Songs of Innocence and of Experience (1794) is his most accessible work: paired poems (“The Lamb” / “The Tyger,” “The Chimney Sweeper” in both modes) that present two contrary states of the human soul — the innocent vision of childhood and the experienced vision of a fallen world — without resolving the tension between them. “The Tyger” alone is one of the most famous poems in the language.
The Marriage of Heaven and Hell (c. 1790–1793) is Blake’s most provocative work: a series of satirical proverbs, visionary narratives, and “Memorable Fancies” that invert conventional morality, celebrate energy over reason, and declare that “The road of excess leads to the palace of wisdom.”
Jerusalem (c. 1804–1820) is Blake’s longest and most ambitious work: a hundred-plate epic prophecy that envisions the spiritual redemption of Albion (England) and the liberation of the human imagination. It is dense, difficult, and sublime.
Critical Reception and Legacy
Blake was rediscovered in the mid-nineteenth century by the Pre-Raphaelites (particularly Dante Gabriel Rossetti) and by the biographer Alexander Gilchrist. His reputation has risen steadily since, and he is now recognised as one of the greatest English poets — alongside Chaucer, Shakespeare, Milton, and Wordsworth — and one of the most important British visual artists. His influence extends to Yeats, Ginsberg, the Beats, and the psychedelic counterculture.
Key Works
- Songs of Innocence (1789)
- The Book of Thel (1789)
- The Marriage of Heaven and Hell (c. 1790–1793)
- Songs of Innocence and of Experience (1794)

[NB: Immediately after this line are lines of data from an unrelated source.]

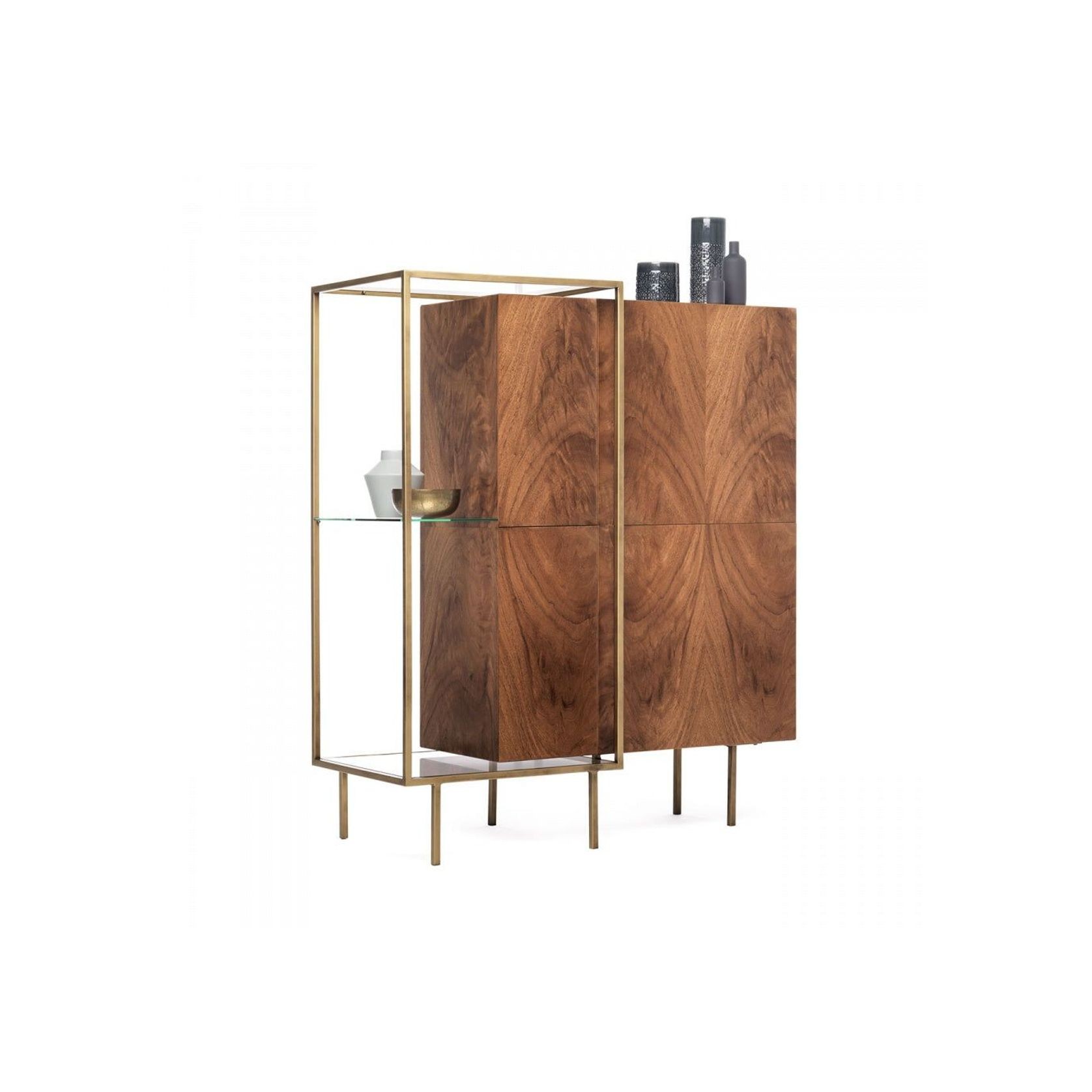Zoom Sideboard gallery detail image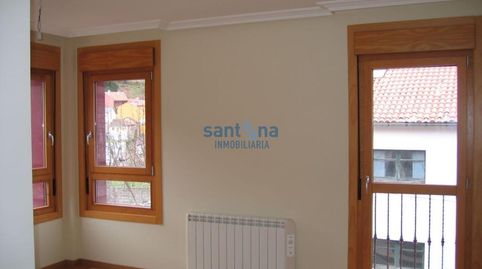 Foto 2 von Wohnung zum Verkauf in Somiedo, Asturias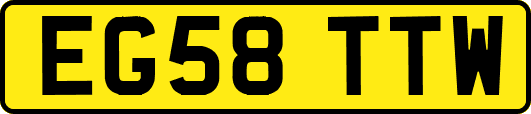 EG58TTW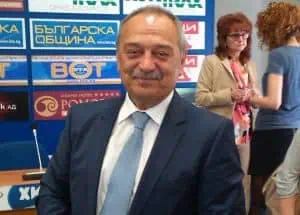 Решението на касата е наказателна акция заради неподписването на НРД, смятат от БЛС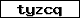 Pr�fcode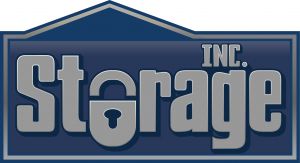 Storage Inc - Pardeeville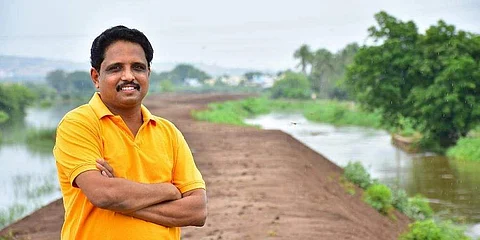 TN MP asks Education Minister for exact numbers of SC, ST, OBC vacancies, requests rosters to be uploaded online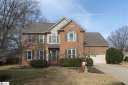 203 Sun Garden Court sold home in Greenville, SC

- The Book of Urizen (1794)
- Milton (c. 1804–1811)
- Jerusalem (c. 1804–1820)
- Illustrations of the Book of Job (1826)
Collecting Blake
Blake collecting is unlike any other author because his major works are illuminated books — hand-printed, hand-coloured, and unique in every copy. Original Blake prints are museum objects, not items that circulate in the ordinary rare book market.
Individual plates from the illuminated books, when they surface — which is rare — command prices of $10,000–$200,000 depending on the work, the plate, and the colouring. Complete copies of the illuminated books are held by major institutions (the British Museum, the Fitzwilliam, the Morgan Library, the Library of Congress, Yale’s Beinecke) and are essentially priceless.
The 1826 Illustrations of the Book of Job (engraved by Blake, published by John Linnell) was produced in an edition of approximately 315 sets. Individual plates surface at auction and bring $1,000–$10,000. Complete sets are major collecting items.
For most collectors, the entry point is Blake’s commercial engravings — his illustrations for other authors’ works (Young’s Night Thoughts, Blair’s The Grave, Thornton’s Virgil) — which are available at $200–$5,000 per plate.
Early printed editions of Blake’s poetry — particularly the Pickering manuscript poems (“Auguries of Innocence,” “The Mental Traveller”) and the first scholarly editions by Gilchrist (1863), Yeats and Ellis (1893), and Geoffrey Keynes — are collected in their own right.
Blake’s original watercolours, drawings, and sketches surface occasionally at auction and command prices from $20,000 to several million dollars.